■ EXERCISE INSTRUCTIONS
Which lines run from the line with "Jaguar Mks 1" through the line with "Telemecanique Sensors 9038" in the entries below? Print them exactly, both ends included, and nothing more.

■ SUPPLIED DATA
● ● ● ●

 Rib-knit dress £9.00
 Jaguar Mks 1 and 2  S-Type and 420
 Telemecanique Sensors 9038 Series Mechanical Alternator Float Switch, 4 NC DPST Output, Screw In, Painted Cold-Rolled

● ● ● ●

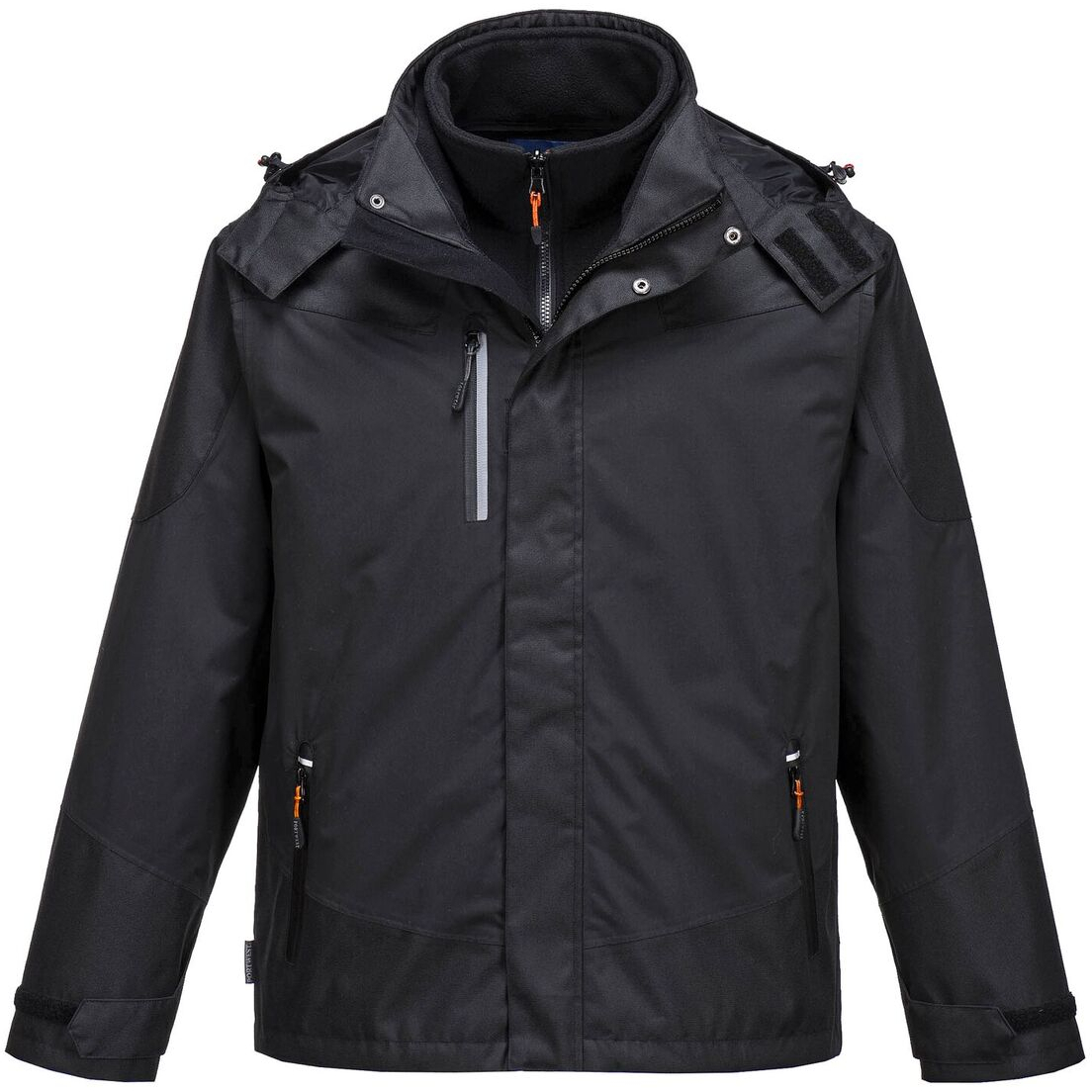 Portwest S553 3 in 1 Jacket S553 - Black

● ● ● ●

■ RESPONSE BELOW
 Jaguar Mks 1 and 2  S-Type and 420
 Telemecanique Sensors 9038 Series Mechanical Alternator Float Switch, 4 NC DPST Output, Screw In, Painted Cold-Rolled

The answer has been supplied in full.